Japan's Beauty Business
Japanese Women Are Big Consumer of Beauty Goods
Japanese women are well-known to have perhaps the most excessive relationship with beauty items. According to different studies they are the world’s per capita largest spenders on beauty goods. They carry more items in their bags and purses than any other woman. Their routines are the most complex. It is always changing. The dynamism of the beauty world fuels a cycle of constant reinvention.
In one exercise we looked at the macro changes happening in Japanese women’s lives over the last 50 years in parallel with changing attitudes to beauty. What is not surprising is that beauty reflects the times. You can see that as women’s lives and social conditions changed so did the beauty styles and attitudes. Maybe it is no coincidence but around 2003 we started to see in magazines and websites a greater trend for women to be photographed more boldly staring, almost challenging the camera. This was a trend common in the West, but new in Japan. Perhaps no coincidence that around the middle of the last decade we saw that for the first time the majority of female new graduates were starting their first real jobs with an immediate female supervisor. A moment in the changing attitudes of women is reflecting, at least for younger women with more confidence in their future. That also matches the other trends that have led to the “carnivorous woman,” a trend of recent years. Women are less reliant on marriage, they are feeling that they can be more selective in what type of man they will settle down with.
The reaction to social events continues. We found that after the unfortunate events of 3/11 that women in Japan felt it was their civic duty to maintain their beauty routines and to literally put on “a bright face” using cosmetics to help “cheer the nation on.”
Being Beautiful Is Important: Why?
Having said that in general Japanese women are very clear that beauty is not about competing with each other, they do not see beauty as a means of attracting a partner as much as a means of fulfilling their inner self and being recognized by her friends in having achieved a look that they appreciate. When we ask why it is important, we constantly hear comments like:
“Being beautiful is important for myself, because it keeps me motivated.”
“Of course I am happy when men complement me but I don’t think they understand what points are good in reality. I am much happier when I hear a women commenting on my beauty.”
Of course globally there has been an explosion in consumer knowledge. In Japan the multitude of sources mean that women are simply not just well-educated, but they are constantly talking of “right-for-me” choice decisions that involve a constant movement between niche and mainstream brands to get a perfect balance. They use on-line sites like @cosme to get a constant monitor on peer reviews, price and competitor options. They are more likely to seek out specialist care. For example the choice between “right-for-me” hair salons and those of famous stylists is a matter of intense study. With a growing number of extreme specialized salons, perhaps known for having a trademark curl, or a single unique shade of hair color, the decision becomes one of digging into what might seem minute proportions.

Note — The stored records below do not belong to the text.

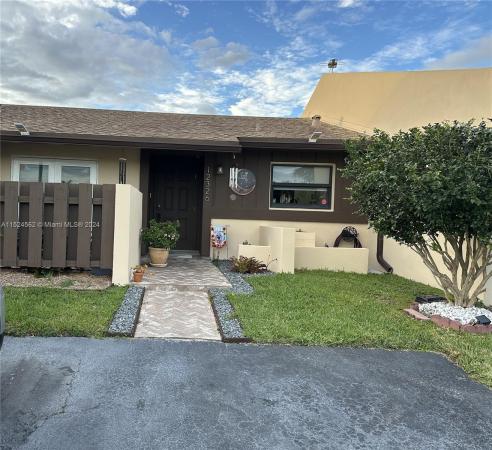 Devon Aire Villas, 12326 SW 111th S Canal St Rd #12326, The Crossings, Florida 33186, image 2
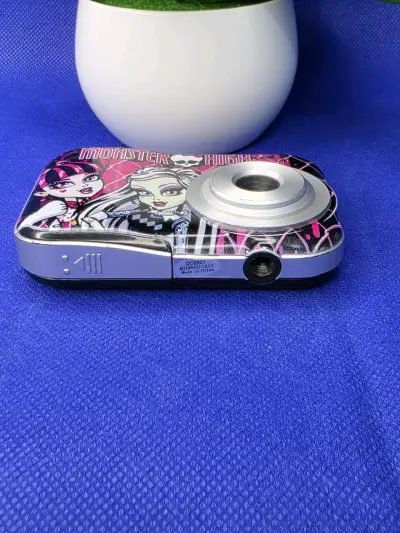 Cámara digital Monster High para colección - miniatura 4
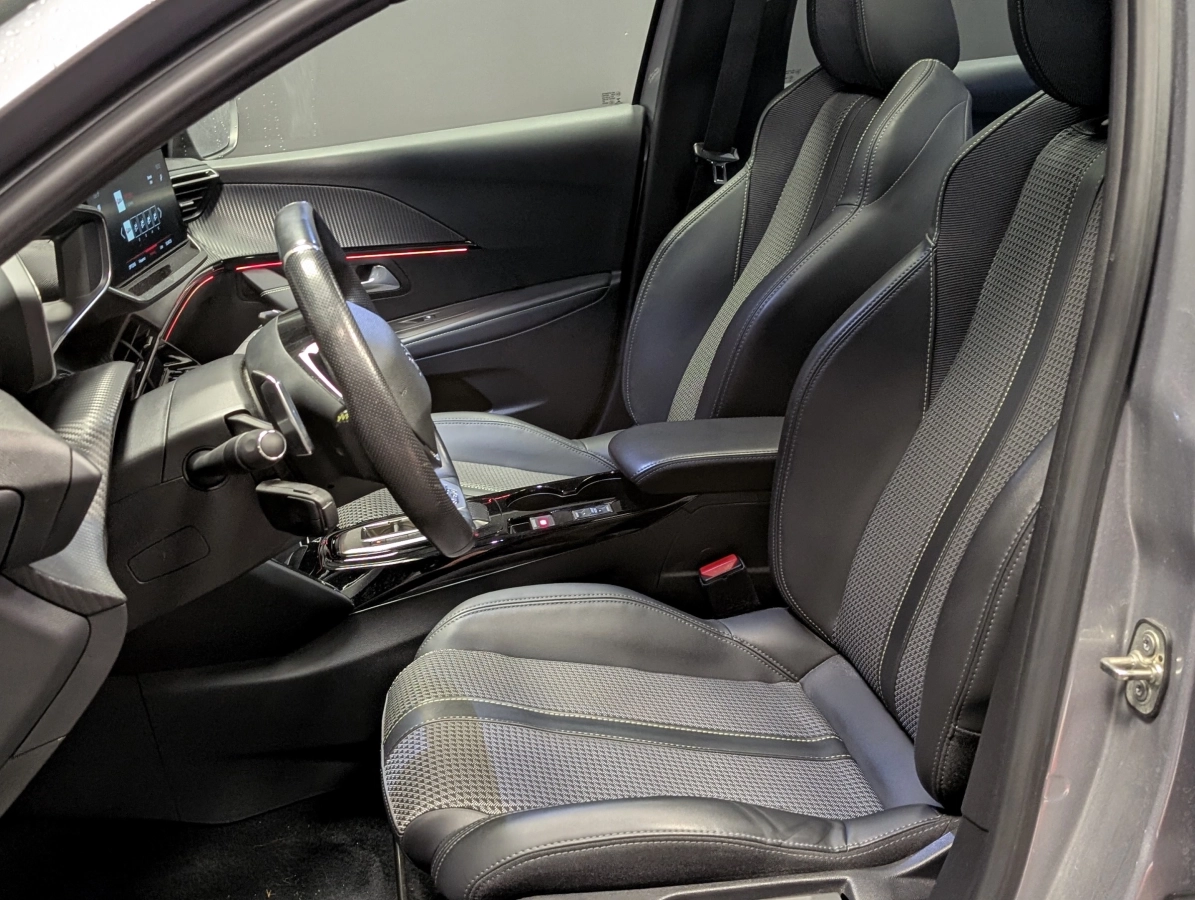 Peugeot 208 - photo 18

Feeling beautiful Is More Important than looking beautiful
Of course when asked “Is it more important if you look beautiful or feel beautiful?” most women will say their own judgment of what feels right matters the most. However traditional sources of information also remain important. The 72% of women around the world say they know more about beauty than their mother. Of course this varies. In many markets mothers are still seen as one of the key sources of guidance. But this is far more likely to be the case in mature markets like the U.S.A. or Japan than developing countries like China where a generation experience is too wide to be valuable.
The whole beauty eco system is worth investing in. The 67% of women believe that being beautiful helps you get what you want in life. The 66% believe if you are beautiful it’s easier to be happy. Or as one 36-year-old Japanese woman told us “looking beautiful makes me want to seize the day!” The vast array of tools is as much a way of keeping “my look constantly updated and fresh throughout the day” as one 34-year-old told us. Today updating on the run is being helped by a vast array of electronic gadgets as the technology companies of Japan have decided to get more of a share of the beauty market. The launch of products like the Pocket Dolz purse size electric toothbrush or the imiy Mobile Beauty Stick facial treatment have been huge successes.

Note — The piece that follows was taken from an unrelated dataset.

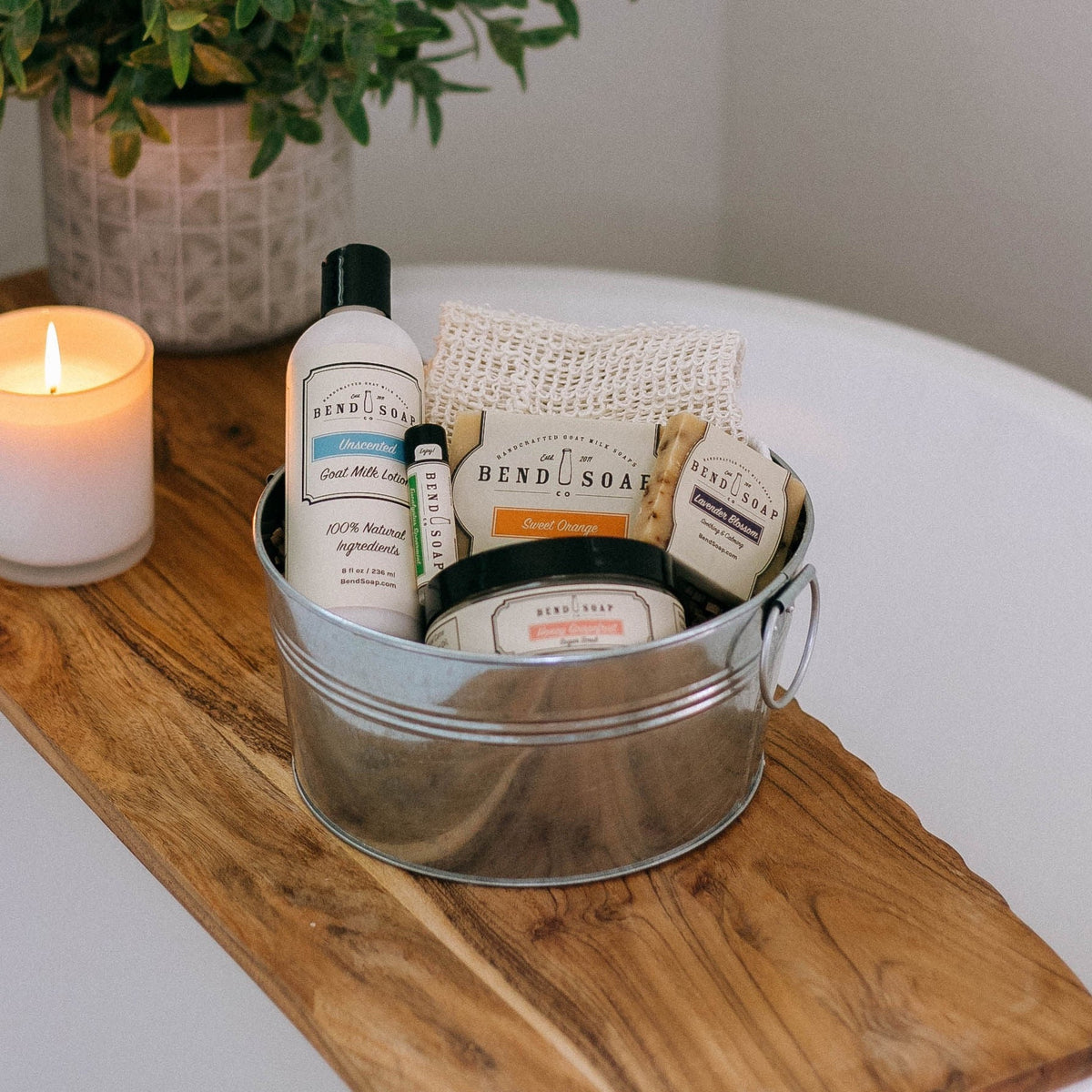 Shower Essentials Gift Set in Silver Tin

But for all this added work and study, the biggest trend in Japan and globally is beauty which looks effortless. In the Philippines it is known as “putting the effort into effortless,” in France it’s about looking “naturally perfect.” This trend really kicked off from Japan in recent years with the “suppin” look, a desire to use cosmetics and personal care products in order to achieve what you might call a look of heightened naturalness.
Checking Their Favorite Artist Not What They Promote
Naturally McCann Worldgroup’s “Truth About Beauty” study looked at the role that celebrities play in beauty promotion and we found that women are very realistic about how celebrities are used in advertising. Globally only 44% believe that a celebrity actually uses the products they promote. In a market like Japan that number is much lower as women long ago realized that celebrities are used to highlight characteristics they may share with the brand rather than carry a promise of actual use. Of course using the celebrity in the right way is what matters. Preferably they want to see a genuine connection between the brand and celebrity. As one 20- year-old Japanese woman told us “I check my favorite artist Yuna Ito’s blog and she talks about the skincare products she is using and I want to use it.”
The real truth about beauty is that the Japanese women represent the cutting edge of the global experience: highly educated, searching for their own style, wanting to highlight their own best features.